Most people in the real estate industry have heard the awful things being said about wholesalers in general. And most of those snide comments center around the bad deals that wholesalers are known to offer. The consensus is that wholesalers are greedy and never need enough margin for investor-buyers to make any money on the deal.
All your buyers are looking for is a reasonable profit after they complete their part of the process and resell it. So to gain favor and credibility with your buyers, you need to look at each deal from that next person’s perspective.
Making A Good Choice
Making good choices is the only way that your business will survive.
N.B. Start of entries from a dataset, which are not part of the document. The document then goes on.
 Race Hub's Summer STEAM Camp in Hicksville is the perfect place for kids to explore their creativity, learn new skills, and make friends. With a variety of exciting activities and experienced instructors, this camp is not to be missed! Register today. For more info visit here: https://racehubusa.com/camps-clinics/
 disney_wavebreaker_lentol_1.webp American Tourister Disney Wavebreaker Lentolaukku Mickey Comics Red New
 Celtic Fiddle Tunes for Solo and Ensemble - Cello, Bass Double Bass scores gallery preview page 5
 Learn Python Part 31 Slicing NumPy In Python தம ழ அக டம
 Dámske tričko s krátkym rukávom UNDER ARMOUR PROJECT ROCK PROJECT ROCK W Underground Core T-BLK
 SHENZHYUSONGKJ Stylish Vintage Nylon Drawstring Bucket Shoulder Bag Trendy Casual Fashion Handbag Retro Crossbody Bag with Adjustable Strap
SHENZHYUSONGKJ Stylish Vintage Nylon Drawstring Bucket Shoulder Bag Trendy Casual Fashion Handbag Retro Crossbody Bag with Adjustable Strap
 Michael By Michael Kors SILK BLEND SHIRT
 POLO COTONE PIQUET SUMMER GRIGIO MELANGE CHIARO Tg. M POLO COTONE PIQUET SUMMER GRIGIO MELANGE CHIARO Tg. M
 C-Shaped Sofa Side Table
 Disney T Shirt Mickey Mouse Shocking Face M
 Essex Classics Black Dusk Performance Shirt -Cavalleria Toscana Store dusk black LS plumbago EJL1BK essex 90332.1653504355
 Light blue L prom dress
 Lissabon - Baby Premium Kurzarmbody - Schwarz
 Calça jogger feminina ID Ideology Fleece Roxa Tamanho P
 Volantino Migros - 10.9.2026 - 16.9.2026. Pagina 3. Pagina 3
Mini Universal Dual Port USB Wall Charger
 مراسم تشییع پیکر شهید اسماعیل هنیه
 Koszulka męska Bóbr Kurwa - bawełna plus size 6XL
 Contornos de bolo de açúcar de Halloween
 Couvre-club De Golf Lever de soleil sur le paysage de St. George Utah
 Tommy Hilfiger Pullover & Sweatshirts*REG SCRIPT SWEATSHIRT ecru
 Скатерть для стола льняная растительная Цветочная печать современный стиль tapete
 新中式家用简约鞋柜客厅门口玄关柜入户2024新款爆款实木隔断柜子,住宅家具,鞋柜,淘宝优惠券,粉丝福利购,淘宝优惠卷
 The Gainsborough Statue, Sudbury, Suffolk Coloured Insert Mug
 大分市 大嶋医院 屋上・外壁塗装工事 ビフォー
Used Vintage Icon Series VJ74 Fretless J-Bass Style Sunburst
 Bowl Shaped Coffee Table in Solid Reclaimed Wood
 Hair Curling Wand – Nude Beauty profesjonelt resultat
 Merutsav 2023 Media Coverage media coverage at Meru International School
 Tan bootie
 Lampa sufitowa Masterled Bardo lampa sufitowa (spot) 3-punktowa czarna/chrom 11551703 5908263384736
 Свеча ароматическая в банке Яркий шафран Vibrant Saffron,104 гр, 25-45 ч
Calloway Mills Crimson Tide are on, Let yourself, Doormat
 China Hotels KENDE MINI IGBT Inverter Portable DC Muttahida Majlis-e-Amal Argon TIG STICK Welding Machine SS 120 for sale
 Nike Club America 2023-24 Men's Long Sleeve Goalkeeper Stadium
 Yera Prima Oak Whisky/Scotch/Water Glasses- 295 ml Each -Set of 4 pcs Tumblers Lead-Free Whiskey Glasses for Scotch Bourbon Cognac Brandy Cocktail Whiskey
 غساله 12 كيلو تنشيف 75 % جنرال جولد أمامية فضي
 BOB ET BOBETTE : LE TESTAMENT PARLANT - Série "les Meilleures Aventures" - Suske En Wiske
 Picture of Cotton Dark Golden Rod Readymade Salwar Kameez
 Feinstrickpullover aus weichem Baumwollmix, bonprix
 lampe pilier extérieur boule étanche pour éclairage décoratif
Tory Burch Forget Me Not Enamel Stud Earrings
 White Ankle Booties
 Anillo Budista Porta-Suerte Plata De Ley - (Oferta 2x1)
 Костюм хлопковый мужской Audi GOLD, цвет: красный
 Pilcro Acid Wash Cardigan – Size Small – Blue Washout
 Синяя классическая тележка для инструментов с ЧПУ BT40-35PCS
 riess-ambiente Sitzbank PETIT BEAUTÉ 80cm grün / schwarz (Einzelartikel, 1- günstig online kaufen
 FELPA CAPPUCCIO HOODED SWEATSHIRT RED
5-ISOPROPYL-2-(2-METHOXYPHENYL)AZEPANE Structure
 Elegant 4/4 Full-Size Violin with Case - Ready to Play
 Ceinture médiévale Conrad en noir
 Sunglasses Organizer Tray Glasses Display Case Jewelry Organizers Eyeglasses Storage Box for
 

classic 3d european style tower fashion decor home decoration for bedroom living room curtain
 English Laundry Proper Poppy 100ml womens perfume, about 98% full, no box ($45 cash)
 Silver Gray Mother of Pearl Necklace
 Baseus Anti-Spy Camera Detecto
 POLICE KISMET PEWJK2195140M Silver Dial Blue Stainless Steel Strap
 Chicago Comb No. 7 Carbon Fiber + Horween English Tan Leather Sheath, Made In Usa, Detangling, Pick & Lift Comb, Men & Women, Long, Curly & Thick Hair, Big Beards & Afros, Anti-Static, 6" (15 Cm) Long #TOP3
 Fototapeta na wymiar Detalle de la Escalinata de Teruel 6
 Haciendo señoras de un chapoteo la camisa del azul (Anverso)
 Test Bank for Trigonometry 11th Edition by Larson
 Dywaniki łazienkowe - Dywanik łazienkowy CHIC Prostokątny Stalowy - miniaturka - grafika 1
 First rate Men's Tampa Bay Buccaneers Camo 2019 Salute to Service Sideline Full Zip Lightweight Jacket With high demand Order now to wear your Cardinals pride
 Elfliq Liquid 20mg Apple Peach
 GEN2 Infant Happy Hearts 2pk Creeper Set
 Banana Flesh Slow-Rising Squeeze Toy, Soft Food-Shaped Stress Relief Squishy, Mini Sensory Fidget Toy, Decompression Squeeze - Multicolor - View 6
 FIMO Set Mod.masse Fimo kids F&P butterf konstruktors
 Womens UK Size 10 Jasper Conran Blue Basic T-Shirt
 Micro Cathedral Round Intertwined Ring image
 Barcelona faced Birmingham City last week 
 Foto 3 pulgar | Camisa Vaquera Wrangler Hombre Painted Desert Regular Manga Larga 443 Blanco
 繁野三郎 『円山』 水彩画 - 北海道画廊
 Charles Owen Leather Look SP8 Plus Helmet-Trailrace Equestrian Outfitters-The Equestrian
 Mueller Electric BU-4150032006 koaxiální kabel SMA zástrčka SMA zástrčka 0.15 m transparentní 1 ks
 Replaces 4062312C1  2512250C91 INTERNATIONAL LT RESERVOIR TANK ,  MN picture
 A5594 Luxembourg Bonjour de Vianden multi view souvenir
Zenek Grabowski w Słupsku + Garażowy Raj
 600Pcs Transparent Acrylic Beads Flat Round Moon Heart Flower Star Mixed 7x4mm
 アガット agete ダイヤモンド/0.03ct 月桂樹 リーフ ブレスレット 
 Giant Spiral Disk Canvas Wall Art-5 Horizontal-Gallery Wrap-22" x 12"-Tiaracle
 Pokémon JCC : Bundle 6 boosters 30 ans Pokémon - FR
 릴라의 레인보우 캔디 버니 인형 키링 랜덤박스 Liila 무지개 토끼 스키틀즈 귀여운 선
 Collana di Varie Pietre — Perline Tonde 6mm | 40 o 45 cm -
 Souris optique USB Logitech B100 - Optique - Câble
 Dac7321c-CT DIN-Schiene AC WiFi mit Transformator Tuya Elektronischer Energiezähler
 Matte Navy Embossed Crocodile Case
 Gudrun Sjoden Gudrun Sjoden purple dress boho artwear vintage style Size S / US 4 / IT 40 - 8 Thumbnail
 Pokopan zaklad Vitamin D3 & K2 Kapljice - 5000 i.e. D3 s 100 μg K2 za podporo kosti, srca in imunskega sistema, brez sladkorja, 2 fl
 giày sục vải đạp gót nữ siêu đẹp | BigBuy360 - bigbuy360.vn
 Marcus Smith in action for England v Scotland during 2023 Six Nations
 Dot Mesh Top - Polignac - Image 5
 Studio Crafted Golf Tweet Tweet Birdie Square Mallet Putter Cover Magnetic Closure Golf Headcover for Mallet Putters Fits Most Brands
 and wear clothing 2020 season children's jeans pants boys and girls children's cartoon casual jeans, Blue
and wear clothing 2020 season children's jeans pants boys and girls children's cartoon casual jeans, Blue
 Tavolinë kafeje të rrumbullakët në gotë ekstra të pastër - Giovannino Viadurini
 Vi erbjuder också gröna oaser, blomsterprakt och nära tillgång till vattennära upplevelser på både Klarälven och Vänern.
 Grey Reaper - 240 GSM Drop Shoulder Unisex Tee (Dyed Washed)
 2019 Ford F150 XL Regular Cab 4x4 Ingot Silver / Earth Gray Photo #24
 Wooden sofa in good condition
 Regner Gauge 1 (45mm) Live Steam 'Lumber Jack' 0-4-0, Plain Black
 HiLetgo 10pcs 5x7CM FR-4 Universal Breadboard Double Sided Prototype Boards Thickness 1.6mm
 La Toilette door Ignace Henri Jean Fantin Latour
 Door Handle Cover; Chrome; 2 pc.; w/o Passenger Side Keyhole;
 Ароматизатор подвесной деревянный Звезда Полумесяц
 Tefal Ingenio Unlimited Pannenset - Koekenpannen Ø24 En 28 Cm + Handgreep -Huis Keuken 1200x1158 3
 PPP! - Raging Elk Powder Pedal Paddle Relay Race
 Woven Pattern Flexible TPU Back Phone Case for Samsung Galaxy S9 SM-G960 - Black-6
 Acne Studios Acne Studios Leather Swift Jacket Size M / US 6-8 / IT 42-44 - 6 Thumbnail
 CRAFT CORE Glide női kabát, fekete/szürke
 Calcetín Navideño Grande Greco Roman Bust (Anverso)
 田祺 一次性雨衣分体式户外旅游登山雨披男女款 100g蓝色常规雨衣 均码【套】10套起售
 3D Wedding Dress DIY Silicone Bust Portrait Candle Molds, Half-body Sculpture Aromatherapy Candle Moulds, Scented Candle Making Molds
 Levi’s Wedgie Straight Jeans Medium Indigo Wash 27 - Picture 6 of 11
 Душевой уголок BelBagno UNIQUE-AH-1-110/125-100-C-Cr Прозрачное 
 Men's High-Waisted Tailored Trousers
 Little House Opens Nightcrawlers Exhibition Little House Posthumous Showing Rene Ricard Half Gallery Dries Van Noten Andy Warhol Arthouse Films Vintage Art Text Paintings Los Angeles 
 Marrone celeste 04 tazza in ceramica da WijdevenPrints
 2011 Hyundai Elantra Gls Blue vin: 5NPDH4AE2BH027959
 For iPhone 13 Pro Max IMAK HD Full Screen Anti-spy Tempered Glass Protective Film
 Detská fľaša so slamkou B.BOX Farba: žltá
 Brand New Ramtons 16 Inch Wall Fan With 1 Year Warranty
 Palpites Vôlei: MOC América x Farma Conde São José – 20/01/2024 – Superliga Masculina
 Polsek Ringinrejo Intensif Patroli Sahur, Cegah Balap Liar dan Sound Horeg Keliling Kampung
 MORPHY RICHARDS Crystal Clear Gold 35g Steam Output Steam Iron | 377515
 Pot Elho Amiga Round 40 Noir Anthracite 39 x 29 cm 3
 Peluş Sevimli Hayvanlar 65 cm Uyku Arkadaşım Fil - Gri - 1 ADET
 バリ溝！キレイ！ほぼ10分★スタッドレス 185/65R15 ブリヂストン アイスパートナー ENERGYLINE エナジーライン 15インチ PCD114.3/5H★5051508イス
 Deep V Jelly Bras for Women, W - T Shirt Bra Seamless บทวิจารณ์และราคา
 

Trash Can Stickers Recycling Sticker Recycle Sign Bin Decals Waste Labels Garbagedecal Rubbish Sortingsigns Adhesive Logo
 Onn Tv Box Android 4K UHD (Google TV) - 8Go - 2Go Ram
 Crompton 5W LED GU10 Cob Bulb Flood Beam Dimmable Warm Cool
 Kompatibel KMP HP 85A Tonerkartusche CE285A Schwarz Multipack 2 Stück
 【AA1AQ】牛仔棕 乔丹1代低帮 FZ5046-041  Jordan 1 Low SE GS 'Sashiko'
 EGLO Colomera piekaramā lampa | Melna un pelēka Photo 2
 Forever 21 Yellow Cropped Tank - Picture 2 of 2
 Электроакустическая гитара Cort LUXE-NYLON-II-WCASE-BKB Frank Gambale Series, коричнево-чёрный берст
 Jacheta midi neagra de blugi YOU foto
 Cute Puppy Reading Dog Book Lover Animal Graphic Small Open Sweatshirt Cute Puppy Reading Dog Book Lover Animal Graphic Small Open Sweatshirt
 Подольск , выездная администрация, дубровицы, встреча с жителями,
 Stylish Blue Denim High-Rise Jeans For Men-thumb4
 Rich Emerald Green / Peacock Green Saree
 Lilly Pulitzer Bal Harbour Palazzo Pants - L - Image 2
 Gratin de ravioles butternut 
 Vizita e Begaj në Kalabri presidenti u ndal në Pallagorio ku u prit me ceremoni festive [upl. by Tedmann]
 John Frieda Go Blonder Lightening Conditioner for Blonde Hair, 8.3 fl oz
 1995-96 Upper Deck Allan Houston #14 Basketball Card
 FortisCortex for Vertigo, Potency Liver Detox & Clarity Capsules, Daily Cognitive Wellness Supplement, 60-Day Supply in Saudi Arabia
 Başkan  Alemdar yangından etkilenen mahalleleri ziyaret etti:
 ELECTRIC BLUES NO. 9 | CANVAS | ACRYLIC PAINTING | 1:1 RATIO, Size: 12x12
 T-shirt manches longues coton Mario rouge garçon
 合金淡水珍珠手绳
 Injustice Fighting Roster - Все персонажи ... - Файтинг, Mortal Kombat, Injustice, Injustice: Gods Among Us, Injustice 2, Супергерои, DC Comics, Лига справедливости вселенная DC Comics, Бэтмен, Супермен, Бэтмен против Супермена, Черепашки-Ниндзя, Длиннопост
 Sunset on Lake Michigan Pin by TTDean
You need to learn and perfect running comps and analyzing deals. This is the only way that you will be able to create deals that make you money and are still appealing to your buyer. If you can’t master these skills, you will quickly develop a reputation as the person who never has a good deal. And that will quickly kill any dreams you have of making money as a real estate wholesaler.
To avoid this career-killing mistake, follow this step by step process to get a good handle on flips, so you can make money while still leaving something in the deal for your buyers.
The 65% Rule
This rule is the wholesaler’s adaptation of the flipper’s 70% rule. It bakes in a 5% reduction so that we can make a profit and still allow our buyer also to enjoy a profit. The formula is:
Purchase Price = ARV x .65 –Rehab
The value that wholesalers add is locating the discounted properties for our investor-buyers. This decreases their workload, makes us some money, and everyone is happy. But if you are not finding good deals, then your buyers are not satisfied, and you will not be in business very long. The 65% rule keeps you from eliminating the flipper’s profit and killing your business.
ARV And Comps
The after repair value is what you could sell a property for in retail condition. To get this number, you will need to run the comps to determine what the market will bear and how much the fully renovated property will be worth. In most cases, locate three to five properties close to your property. The general rule is that they be within .25 to .5 miles from your property. And they must have sold within the last six months. The closer the comps are to the size, type, and age of your property, the better. Now that you have the ARV, you need to determine the rehab cost.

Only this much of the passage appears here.